Int’l community must redouble efforts to resolve Rohingya crisis: Biegun

16 October 2020
Int’l community must redouble efforts to resolve Rohingya crisis: Biegun

US Deputy Secretary of State Stephen Beigun speaks at a media briefing at State Guesthouse Padma in Dhaka on Thursday

The regional and international community should redouble its efforts to resolve the Rohingya crisis, said US Deputy Secretary of State Stephen E Biegun.
"I want to emphasise that this requires a regional and global response where all countries need to work together shoulder to shoulder," Biegun said in a press briefing on Thursday following his meeting with Bangladesh Foreign Minister AK Abdul Momen. "It is not simply the responsibility of the government of Bangladesh, but a global priority."

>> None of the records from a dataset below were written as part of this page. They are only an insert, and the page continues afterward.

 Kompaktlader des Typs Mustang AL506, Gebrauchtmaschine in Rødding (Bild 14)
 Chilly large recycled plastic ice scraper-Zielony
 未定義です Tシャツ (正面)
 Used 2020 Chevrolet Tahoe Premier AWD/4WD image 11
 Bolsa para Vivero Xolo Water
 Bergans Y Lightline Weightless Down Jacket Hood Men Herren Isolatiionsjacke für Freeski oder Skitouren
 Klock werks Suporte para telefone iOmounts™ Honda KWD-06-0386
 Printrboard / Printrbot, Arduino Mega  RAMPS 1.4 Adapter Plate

"Every major country in the Indo-Pacific should be equally outspoken to ensure the Myanmar government takes the necessary steps to ease the crisis."
More than 700,000 Rohingyas fled and took refuge in Bangladesh after the Myanmar army launched a crackdown in Rakhine in 2017. Bangladesh had been already hosting 400,000 Rohingyas prior to the crackdown.

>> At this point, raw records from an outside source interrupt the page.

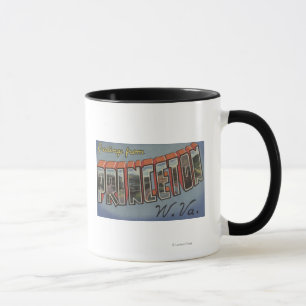 Mug Princeton, Virginie-Occidentale - Grandes SCÈNES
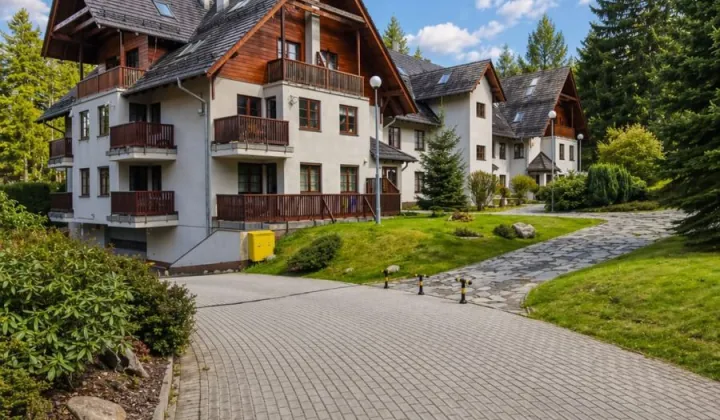 Mieszkanie 4-pokojowe Karpacz, ul. Stefana Okrzei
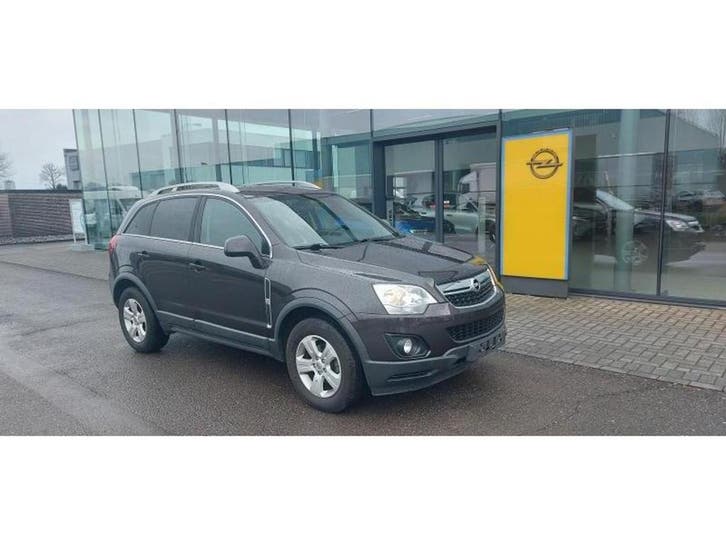 Opel Antara, Auto's, Opel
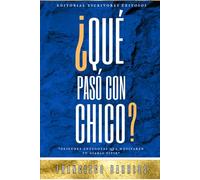 ¿QUÉ PASÓ CON CHICO?: "Descubre anécdotas que motivarán tu diario vivir"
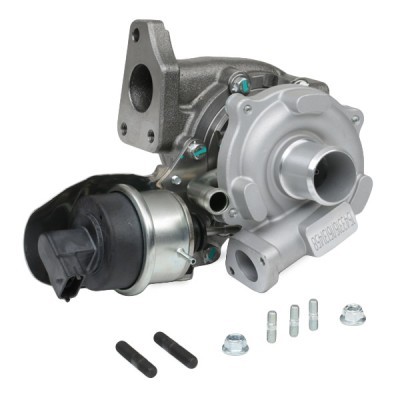 Turbocharger RIDEX 2234C10156 2234C10156 - photo 3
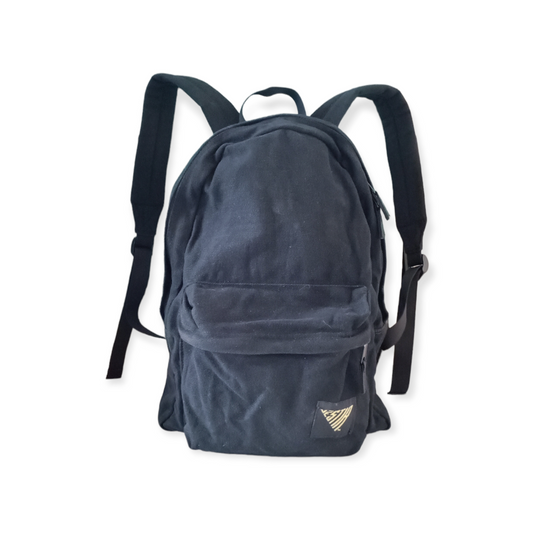 Minimalist Classic Canvas Backpack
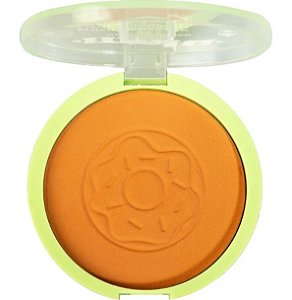 Blush Compacto - Pumpkin - Melu - Ruby Rose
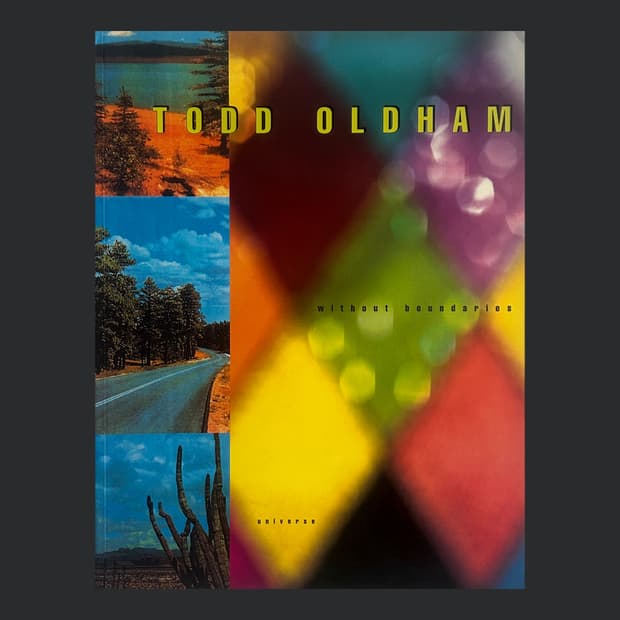 Todd Oldham - Without Boundaries (1997)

The Myanmar government signed a pact for Rohingya repatriation towards the end of 2017 after it came under pressure from the international community, but the repatriation never took place.
Despite several repatriation efforts, the Rohingyas refused to go back to Rakhine fearing the unsafe situation there.
Bangladesh has been voicing its demand for the repatriation of Rohingyas, but the initiatives fizzled out amid the coronavirus pandemic. Different countries, including the US, and the United Nations and other international organisations are providing humanitarian aid to the Rohingyas living in the refugee camps in Cox's Bazar. Though a 'long-term' joint response programme led by the United Kingdom and the United States are on the cards, Bangladesh wants to focus more on the repatriation of the Rohingya refugees to Rakhine. The joint response programme is slated to be discussed on Oct 22.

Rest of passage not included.